Fig 2 – Expected Unserved Energy, 2021-22 to 2030-31, Central outlook[2]

It is clear the existing and committed projects for new generation are sufficient for the next five years, with new projects needed to deal with the emerging reliability gap from 2027-28. Both Victoria and NSW are creating separate state policy frameworks to improve their transition to renewables.

Energy Australia has announced an earlier closure date of 2028 for all units at its brown-coal fired Yallourn Power Station in Victoria and in NSW, the closure of two units at Eraring Power Station have been brought forward. Issues such as the Callide C power station incident (where a turbine unit exploded) in Queensland in May 2021 also highlight concerns about generator reliability. This has thrown the spotlight on the growing need for dispatchable energy such as Snowy 2.0 or Tasmania’s Battery of the Nation.

The growth in new variable renewable generation and retirement of coal-fired power stations also means new transmission developments are vitally important to get the new generation to load centres. These developments include HumeLink, VNI West and Marinus Link.

A number of transmission projects have been taken into account in the ESOO;

  • Project Energy Connect, a new interconnector between SA and NSW is expected to commence operation in 2023-24, this will allow more resources to be shared across the National Electricity Market (NEM);
  • Increased transfer capacity, reducing supply scarcity is also improved by QNI minor (Queensland to NSW interconnector) in 2022;
  • The Victorian side of the VNI, the Victorian – NSW interconnector in 2022/23 and the Victorian System Integrity Protection Scheme in 2021 which will use reserve capacity from Victoria’s Big Battery to increase power flow through the VNI; and
  • Western Victoria transmission upgrades will be completed in 2025-26 which will allow improved power flows between Victoria and other regions.

Reforming access to the Grid

New generation without the associated transmission to get the power to customers is no help in achieving reliability. Transmission is also crucial to alleviate congestion. The Energy Security Board (ESB) commissioned FTI Consulting to forecast the impact of network congestion in the NEM in 2030 using AEMO’s 2020 ‘Step Change’ scenario – which models high renewable penetrations.

Generation is dispatched in each region in merit order, with the cheapest being dispatched to meet demand, subject to constraints. If higher cost generation needs to be dispatched then overall costs to consumers increase and the generators behind the constraints earn less revenue and hence their profitability is impacted.

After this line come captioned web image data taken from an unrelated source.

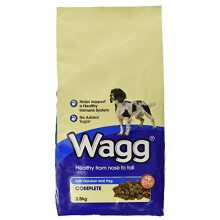 Wagg Complete Dog Food with Chicken and Vegetables, 2.5kg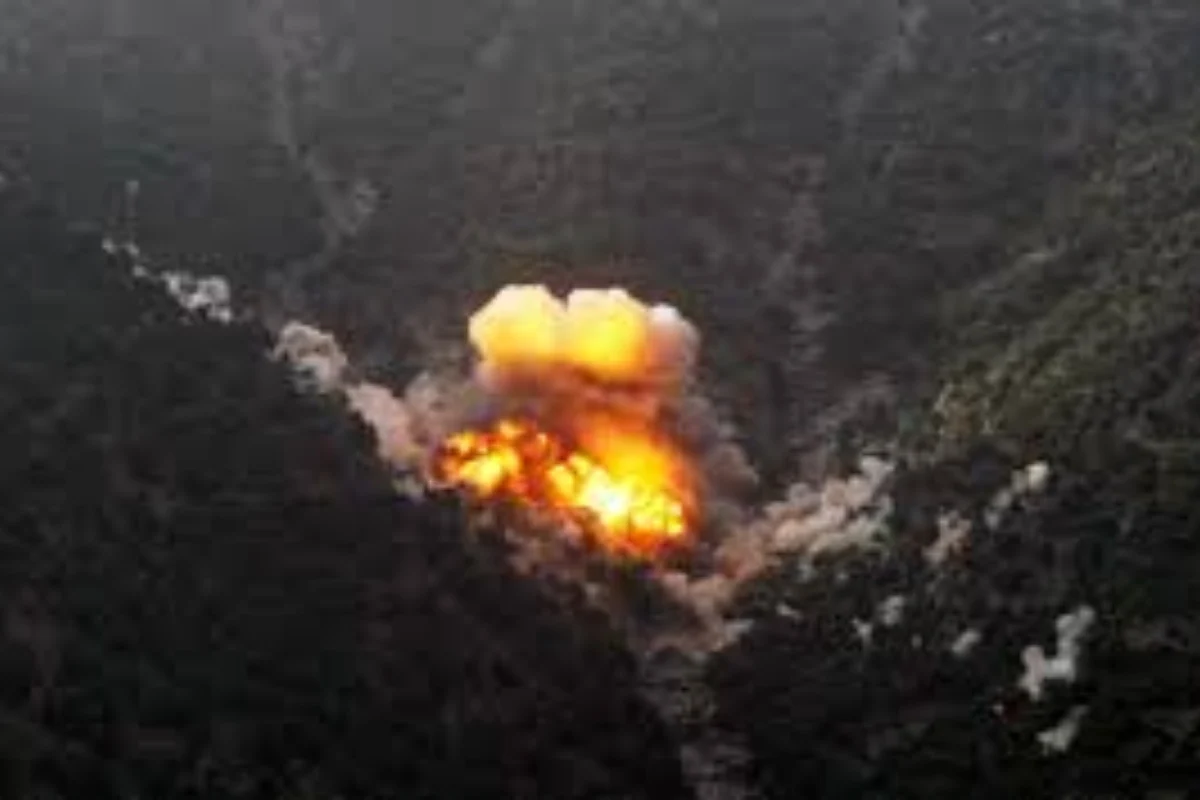 Airstrike Destroys Terror Hideout in Afghanistan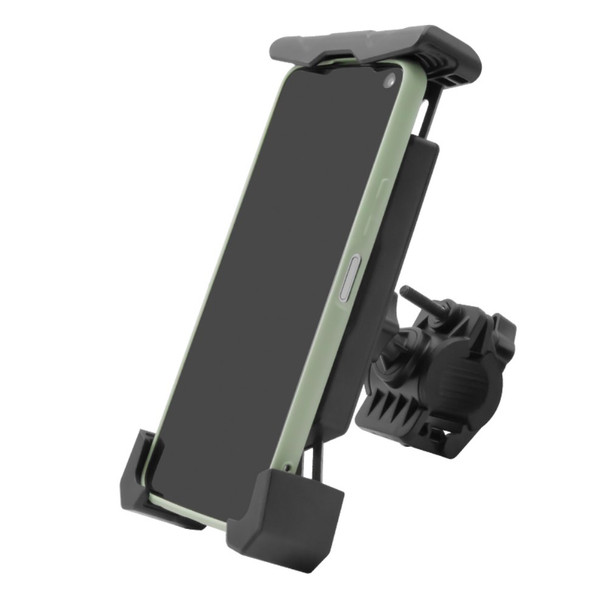 360 Degrees Rotatable Motorcycle Electric Bike Bicycle Handlebar Phone Holder Shockproof Phone GPS Mount Bracket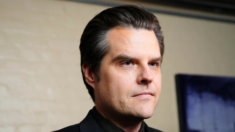 El excongresista Matt Gaetz dice que podría postularse a la gobernación de Florida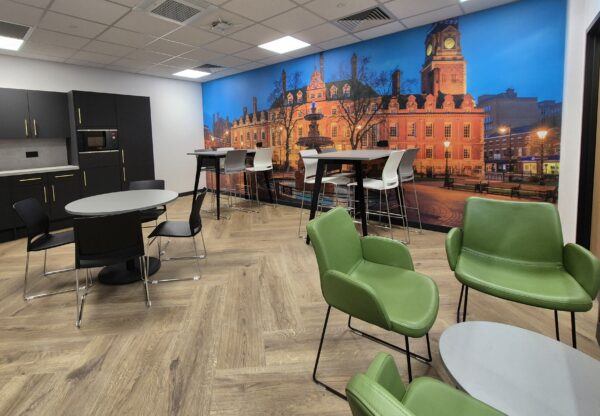 Fit-out firm makes it a hat-trick of projects for industrial supply group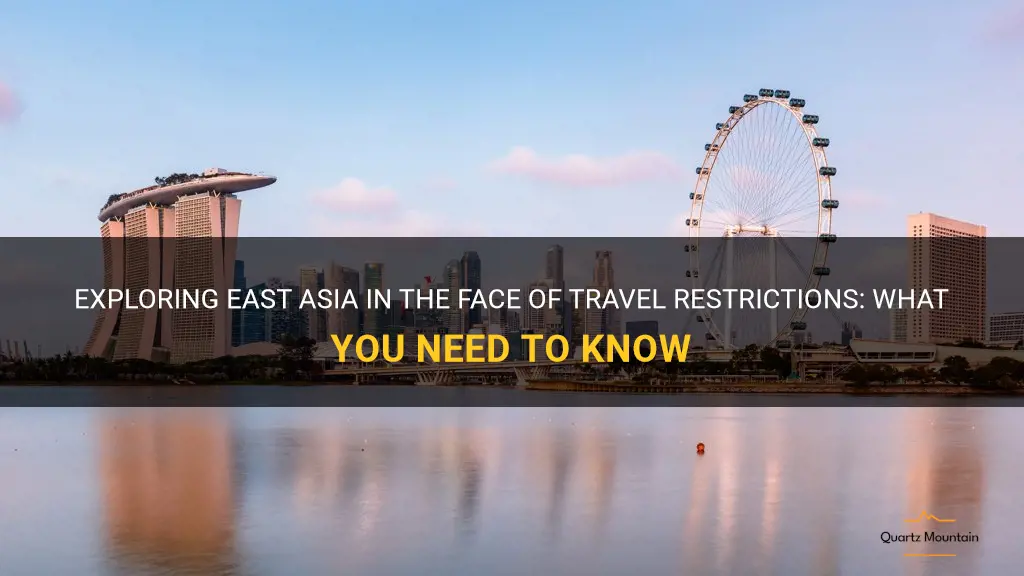 east asia travel restrictions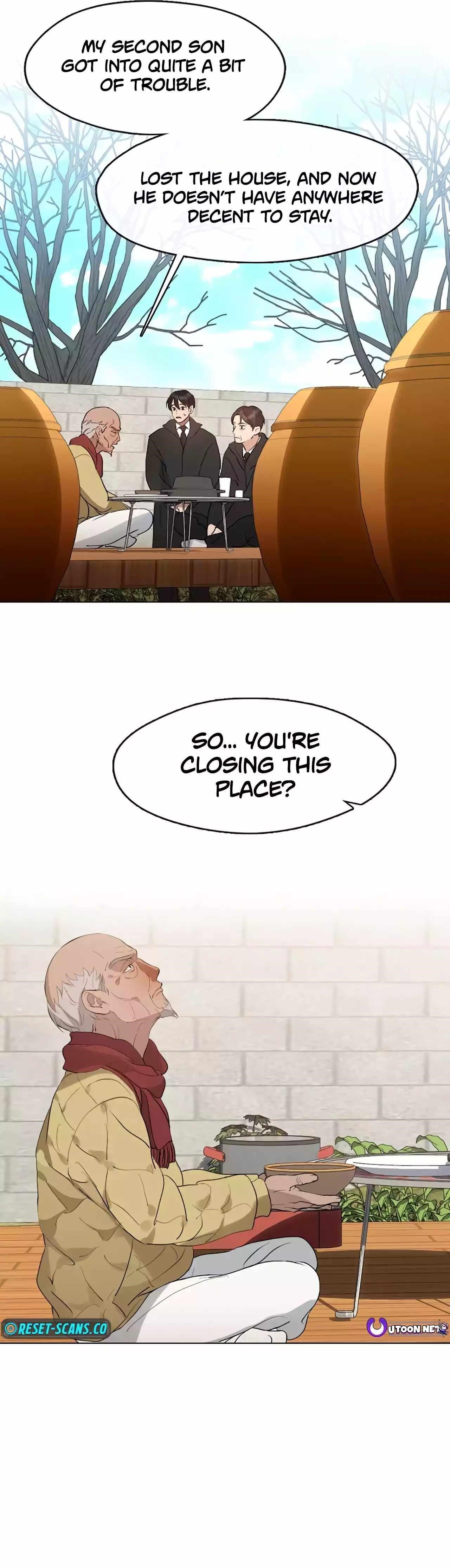 Underworld Restaurant Chapter 55 - Page 26 in English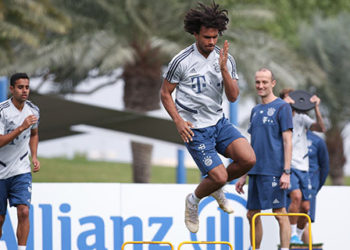 Bayern Munich Doha Qatar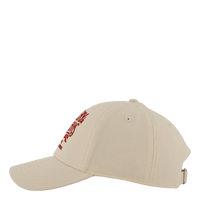 Logo Cap White Smoke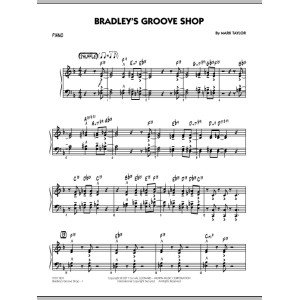 Bradley's Groove Shop - Piano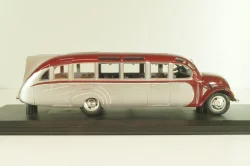 Opel Blitz Ludewig Aero, dark red/silver, L.E. 199pcs, 10013, Autocult 1:43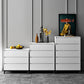 Mobile sideboard del soggiorno in legno moderno moderno server buffet con cassetto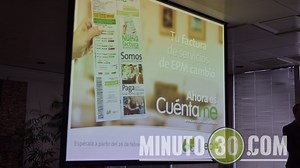 EN VIDEO: “Cuéntame”, la nueva factura de servicios públicos de EPM - Minuto30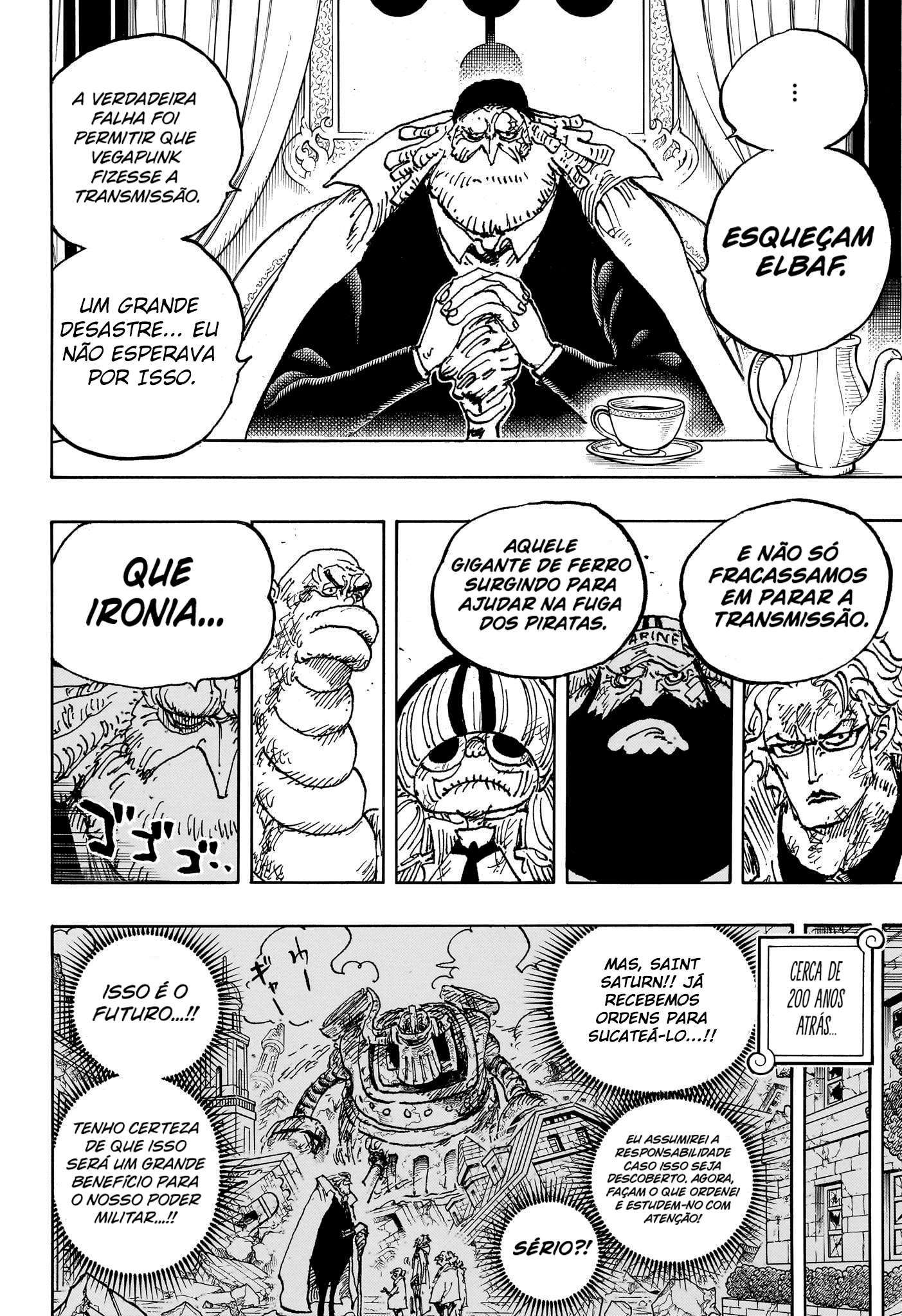 One Piece capítulo 1125 página 5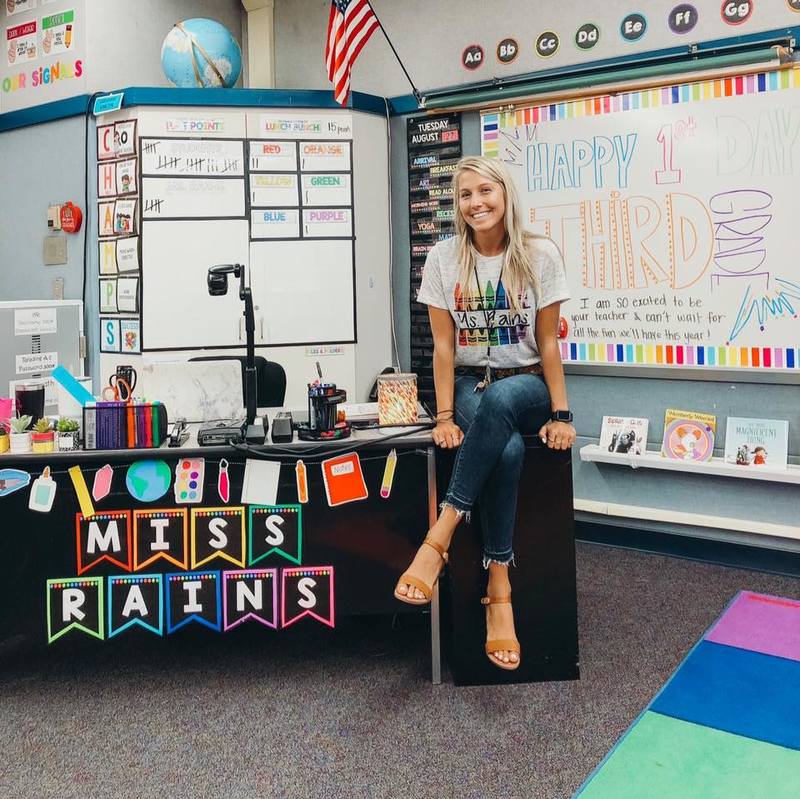 Tait Rains, Class of 2013 Third Grade Teacher, Hueneme Elementary School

Under the step change, wind and solar are expected to increase by more than 200 per cent in the NEM to 31GW by 2030[3]. FTI predicts that even with generation and transmission development as planned in AEMO’s Integrated System Plan (ISP) there will still be congestion. Stability and thermal constraints could lead to about 2.5TWh of solar and about 1TWh of hydro generation being constrained off and additional thermal generation dispatched in its place. Where thermal generation is dispatched instead of cheaper renewables, this will also lead to higher carbon emissions.

FTI has modelled these constraints will generally lead to higher wholesale prices in each state. The average increase being $5/MWh, with the range being $3-9/MWr in November and January respectively. Consumers are expected to pay an additional $1.05 billion per annum, essentially a wealth transfer from consumers to generators, see Fig 3.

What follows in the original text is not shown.